You must be wondering how I am testing for malaria, right? Well friends of ours who have an orphanage in Bercy (the same ones who brought the boy with the ear cut) gave us about 20 malaria tests. I don't know what they're called exactly ... but what you do is prick the finger, extract the blood, put it into the 'S' (sample) window and then put two drops into the 'A' (activator) window. I also don't know what the activator substance is exactly, maybe someone should tell me. But anyways, I've probably done about a dozen but these two this week were the first that came back positive.
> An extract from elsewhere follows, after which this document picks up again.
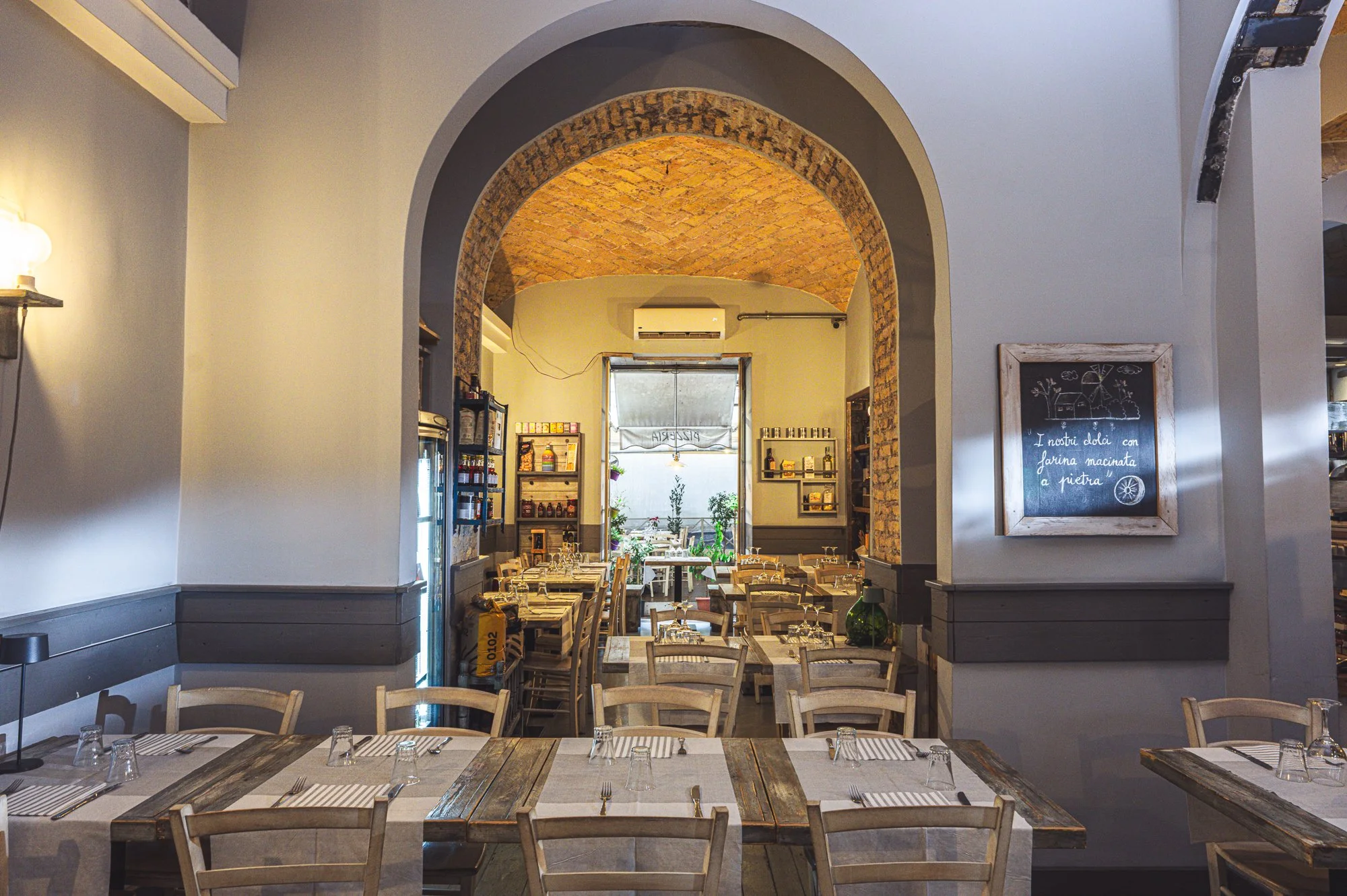 Interno di un ristorante con tavoli apparecchiati e un arco in mattoni che conduce a una terrazza luminosa.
Two lines means it is positive for one strain of malaria and three for another. (The specific names are on a sheet of paper, but I don't have it right now) This is what Marie Michelle's positive looked like:

So since I originally wrote this post on Tuesday, two more people have been tested and both came back positive for malaria.

Mme. Maxo, who is four months pregnant, tested positive last night. She has had fevers and chills off and on throughout the week. She seems to be doing better today; I go out to the people's houses and give them the chloroquin -- it is safer (so the chloroquin doesn't get into the hands of a child - It's toxic for kids) and then I can watch them take it right when I am there so I know that they took it and the correct amount.
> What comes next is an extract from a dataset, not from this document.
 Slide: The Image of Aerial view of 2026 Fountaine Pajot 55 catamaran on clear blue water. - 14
Today, Tiga, the four-year old son of a cook named Anite came. He has had fevers since Saturday and vomited today. His temp was 102.5. So we did the malaria test and it came back positive. He is so cute and one of my favorites. He is always around here and you can usually find him being a ham like this:

Like my mom reported, this has been a suture free zone. I am actually alright with this, it has forced me to get a ton of school done. A lot of my patients from the crazy week when Jamie & Sharon were here have all healed up. I have been meaning to take some after photos and post those, maybe I will later this weekend. Pierre, the one with the mangled finger/bad amputation job accepted Christ last Sunday. I wasn't there but I was really glad to hear it and excited to see him at church this Sunday. Some more good news, Pastor Silanse's abscess is almost completely healed up. Here is a picture from yesterday: (I started by using 4x4 gauze pads to pack it but now I have to cut 2x2's in half)
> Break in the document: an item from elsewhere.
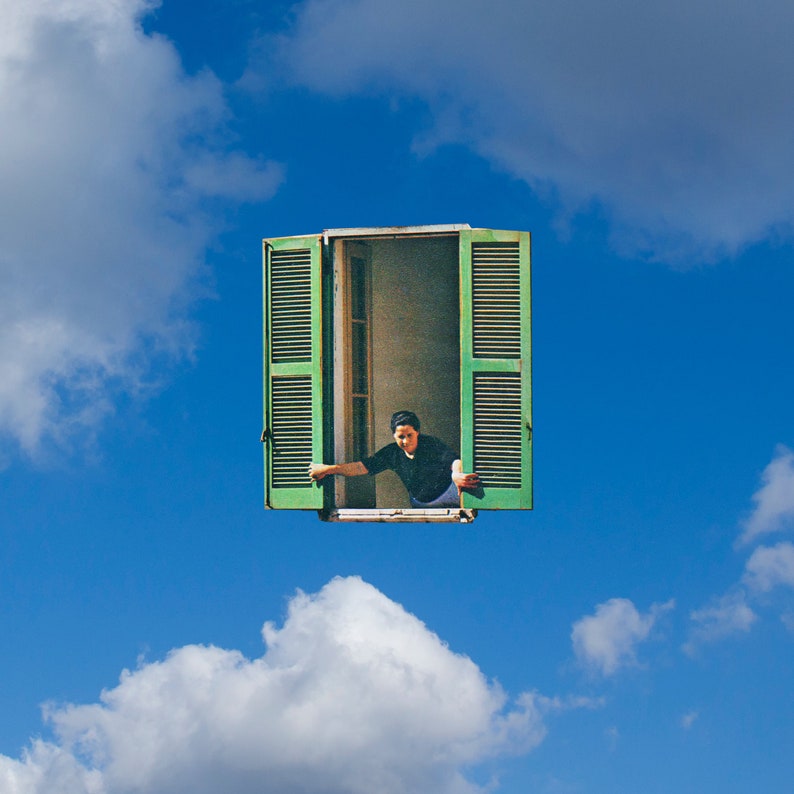 Op de afbeelding: Een persoon leunt uit een groen raamkozijn tegen een helderblauwe lucht met pluizige witte wolken. Het raam heeft open groene luiken. De persoon draagt een zwart shirt.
Also, a few of you have asked about Krispe. His ulcer opened up after a month of it being closed and wearing compression stockings. Here is a recent picture, it is kind of discouraging to see it back to where we started but it sounds like that the damage is done, he probably has permanent damage from parasites that originally attacked and lived in his veins. I think that a theory was that he has filarisis, but correct me if I am wrong and please give suggestions for what it might be, even if it won't heal ... I'd still like to know what causes it. I am going to keep wrapping it in the unna boots (does anyone have access to these or know where they can be purchased in the US? I can make them, but I still would like to know if buying them is totally out of the question) and try to get it close back up again, even if it is only for a month, it still means a month for him not to have bugs all around him. I also treated him for worms and he said that he vomited, so that means he had worms; I am glad that at least this problem could be cleared up.

So ... rather than suturing I've been busy treating malaria this week. This seems like an easy-enough thing to diagnose and treat. Chloroquin is cheap. It's only a 3-day dose. Today we got more of these tests; thank you Cheryl & Rusty!! And it has been interesting ... watching the progression of the patients. I realize that this is something most people don't get to do (track the disease progression so closely) and I am thankful for the learning experience.

Well I better get to bed, I hope you are all doing well and staying healthy. If you think of it, please pray for our new friend Lindsay, she came down with a fever upon her return to Indiana and they are thinking either Dengue or typhoid.